Medication-assisted treatment requires extensive training for providers. As specified by the Drug Enforcement Administration, physicians must undergo eight hours of training and then apply to the agency for certification.

“Opioid addiction is in our sphere of influence to be able to do something about and treat, and it should be considered part of general medical practice,” Miller said.

Lynch said the grant money will help to provide medication-assisted treatment at clinics and facilities throughout the state that are in need, including rural clinics and prisons. There are currently fewer than 200 physicians in Iowa who can prescribe suboxone, she noted.

“As opioid addiction has become more prevalent, and with more people dying from opioid overdose, it is important that we help make treatment more available for people who need it,” Lynch said. “With our grant, we are able to expand the [medication-assisted treatment] services we are offering at UIHC, and we are also providing training and assistance to clinicians in eastern Iowa so they can begin to offer this treatment to their patients.”

Kevin Gabbert, the opioid-initiatives director for the Iowa Department of Public Health, believes medication-assisted treatment has been a big factor in decreasing the number of opioid fatalities recently.
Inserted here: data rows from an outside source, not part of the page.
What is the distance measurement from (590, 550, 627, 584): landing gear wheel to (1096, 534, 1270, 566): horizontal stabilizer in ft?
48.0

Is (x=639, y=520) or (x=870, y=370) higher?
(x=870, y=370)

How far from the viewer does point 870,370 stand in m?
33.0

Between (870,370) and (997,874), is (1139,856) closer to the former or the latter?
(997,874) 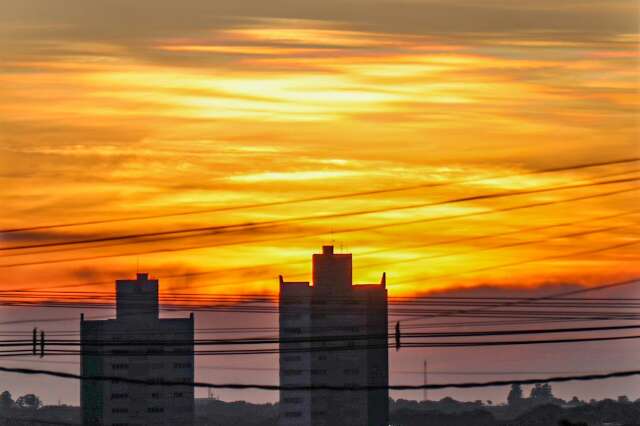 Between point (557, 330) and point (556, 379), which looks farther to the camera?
point (557, 330)

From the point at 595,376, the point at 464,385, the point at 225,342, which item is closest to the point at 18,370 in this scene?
the point at 225,342

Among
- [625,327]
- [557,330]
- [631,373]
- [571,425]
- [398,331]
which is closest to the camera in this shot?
[571,425]

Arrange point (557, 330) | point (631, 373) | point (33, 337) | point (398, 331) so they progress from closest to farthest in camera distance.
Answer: point (631, 373), point (557, 330), point (398, 331), point (33, 337)

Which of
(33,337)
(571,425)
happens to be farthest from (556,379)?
(33,337)

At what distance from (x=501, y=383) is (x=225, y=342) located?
31.4 feet

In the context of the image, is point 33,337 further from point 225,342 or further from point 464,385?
point 464,385

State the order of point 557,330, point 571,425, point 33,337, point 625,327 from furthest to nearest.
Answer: point 33,337
point 557,330
point 625,327
point 571,425

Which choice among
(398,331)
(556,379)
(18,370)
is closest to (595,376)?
(556,379)

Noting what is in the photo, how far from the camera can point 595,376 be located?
Result: 4609 cm

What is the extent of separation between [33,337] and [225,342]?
16456 millimetres

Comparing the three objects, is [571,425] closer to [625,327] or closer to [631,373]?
[631,373]

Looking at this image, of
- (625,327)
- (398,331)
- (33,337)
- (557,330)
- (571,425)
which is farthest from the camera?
(33,337)

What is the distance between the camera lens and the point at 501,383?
163ft

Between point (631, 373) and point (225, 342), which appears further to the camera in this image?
point (225, 342)
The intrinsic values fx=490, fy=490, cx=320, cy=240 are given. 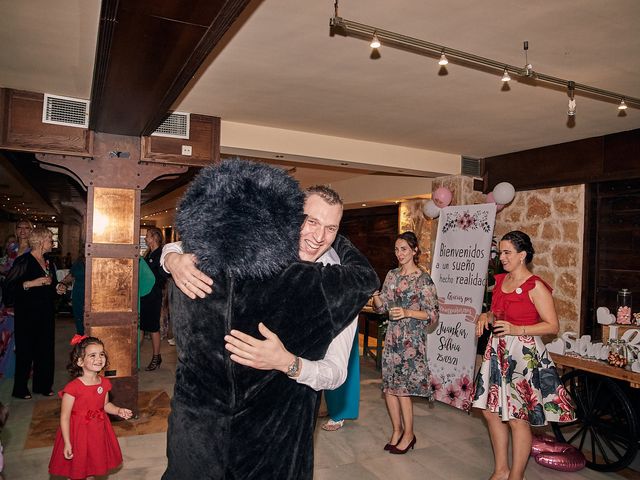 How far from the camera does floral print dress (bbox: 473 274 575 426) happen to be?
2814mm

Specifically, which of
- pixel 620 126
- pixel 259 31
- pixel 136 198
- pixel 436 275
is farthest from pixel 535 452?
pixel 136 198

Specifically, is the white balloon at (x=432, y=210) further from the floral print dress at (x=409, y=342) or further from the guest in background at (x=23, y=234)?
the guest in background at (x=23, y=234)

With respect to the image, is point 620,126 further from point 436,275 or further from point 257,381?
point 257,381

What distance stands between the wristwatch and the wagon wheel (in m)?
2.91

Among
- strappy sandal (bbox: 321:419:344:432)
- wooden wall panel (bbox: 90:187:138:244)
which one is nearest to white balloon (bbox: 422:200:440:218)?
strappy sandal (bbox: 321:419:344:432)

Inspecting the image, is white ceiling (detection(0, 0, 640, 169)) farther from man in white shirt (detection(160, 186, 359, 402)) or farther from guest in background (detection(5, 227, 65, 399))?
guest in background (detection(5, 227, 65, 399))

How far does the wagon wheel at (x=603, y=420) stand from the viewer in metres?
3.17

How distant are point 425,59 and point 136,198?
2.47 meters

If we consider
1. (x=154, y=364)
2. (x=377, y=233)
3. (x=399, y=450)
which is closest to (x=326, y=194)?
(x=399, y=450)

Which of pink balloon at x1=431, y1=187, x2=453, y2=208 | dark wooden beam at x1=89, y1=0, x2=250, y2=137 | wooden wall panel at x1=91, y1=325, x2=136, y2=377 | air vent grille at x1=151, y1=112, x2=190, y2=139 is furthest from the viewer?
pink balloon at x1=431, y1=187, x2=453, y2=208

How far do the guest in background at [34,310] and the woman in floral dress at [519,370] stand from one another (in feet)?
12.4

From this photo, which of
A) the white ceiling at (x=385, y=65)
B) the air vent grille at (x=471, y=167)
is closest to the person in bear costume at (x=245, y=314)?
the white ceiling at (x=385, y=65)

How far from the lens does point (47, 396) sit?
179 inches

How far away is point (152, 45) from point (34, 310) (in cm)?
339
“The number of deaths involving opioids for the first eight months of 2017 was 137,” Gabbert said. “Comparing the same time frame for 2018, that number was 89. I truly believe it has been a collaboration of efforts.”

Lynch said it is important for college students and young adults to be aware of the dangers of opioid use, because there are many adverse effects associated with the class of drugs.

“Most people who develop a substance-use disorder or addiction started using substances in adolescence or early adulthood, so it is an important thing for students to be aware of,” Lynch said.